You’ve done your due diligence, researched all the vehicles with Five-Star Safety Ratings, and chosen a Top Safety Pick as your new ride. Good for you. Protecting yourself and your family on the road is wise and commendable.
Better yet, you can’t wait to call up your auto insurance agent and inform him of the wise choice you’ve made so he can gleefully announce the big savings that await you and your new ride. Hopefully, part of your initial research included conferring with your insurer to discuss how much lower your car insurance premiums would be, if you bought a safer car.
This, unfortunately, tends to be a common error made by some new car buyers who wrongly assume that safer vehicles mean big savings on their insurance rates. This isn’t necessarily the case because, all things considered, there are other factors that influence your auto insurance premiums and paying more for a Top Safety Pick doesn’t automatically translate into annual savings on your car insurance.
Factors you may also want to take into account are:
1. Market value of the vehicle
Don’t simply judge the vehicle by its safety rating. Keep in mind, the higher the price tag, the more it will cost you to insure. And, as with all new cars, you’ll be required to carry collision and comprehensive insurance, both of which will raise your premium since your auto insurance company will have to pay out the vehicle’s market value if it’s stolen or you total it.
2. Expense of repairing the vehicle
It goes without saying that new vehicles today have become quite expensive to repair or replace because many of their components are comprised of more costly materials. For that reason, collision and comprehensive, which cover your vehicle for damage sustained in accidents, theft, storms and vandalism can be relatively higher.

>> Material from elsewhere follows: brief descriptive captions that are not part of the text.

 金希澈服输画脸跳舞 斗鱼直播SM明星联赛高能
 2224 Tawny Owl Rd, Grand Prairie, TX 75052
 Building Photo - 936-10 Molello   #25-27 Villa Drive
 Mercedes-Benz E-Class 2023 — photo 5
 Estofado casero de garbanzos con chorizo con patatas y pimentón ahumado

3. Overall reputation of the vehicle
The history or reputation of the vehicle with other drivers is an important consideration with auto insurance companies. The type of driver associated with the vehicle you’ve chosen can typically dictate how an insurer will set the premiums – high or low. Mini vans, for example, are mostly driven by parents or soccer moms to transport kids. As a result, they tend to be fairly inexpensive to insure.
The Insurance Institute for Highway Safety (IIHS) puts new cars through tough crash tests to rate them in five different safety categories. To achieve Top Safety Pick status, the vehicle must rate high in four crash tests that evaluate:
- Roof strength
- Performance of head restraints and seats to protect occupants from whiplash
- Protection of occupants when 40% of the front of the car crashes into an object
- Protection when the vehicle is hit from the side
In addition, the vehicles must also perform what is known as the “front small overlap,” a test designed to duplicate the vehicle crashing its front corner into another object and receive a good or acceptable score.

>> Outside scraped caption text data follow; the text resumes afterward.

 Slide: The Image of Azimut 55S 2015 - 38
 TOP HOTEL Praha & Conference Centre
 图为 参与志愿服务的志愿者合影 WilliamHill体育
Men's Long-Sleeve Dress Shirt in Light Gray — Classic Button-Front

According to a study conducted by NerdWallet, in one case, an IIHS top safety pick came in with insurance rates that were 10.5% lower than a comparable model considered less-safe. But, this could have been due to the fact that the safer car didn’t cost as much to buy as the lesser-safe vehicle.
On the other hand, in two other test cases, insurance for the Institute’s top pick was a bit more expensive than coverage for the lower-rated vehicle by an average of 2%.
Bottom line is – don’t rely on your new vehicle’s safety rating to automatically assume you’re going to save money on your insurance. Do some shopping around so you know what to expect.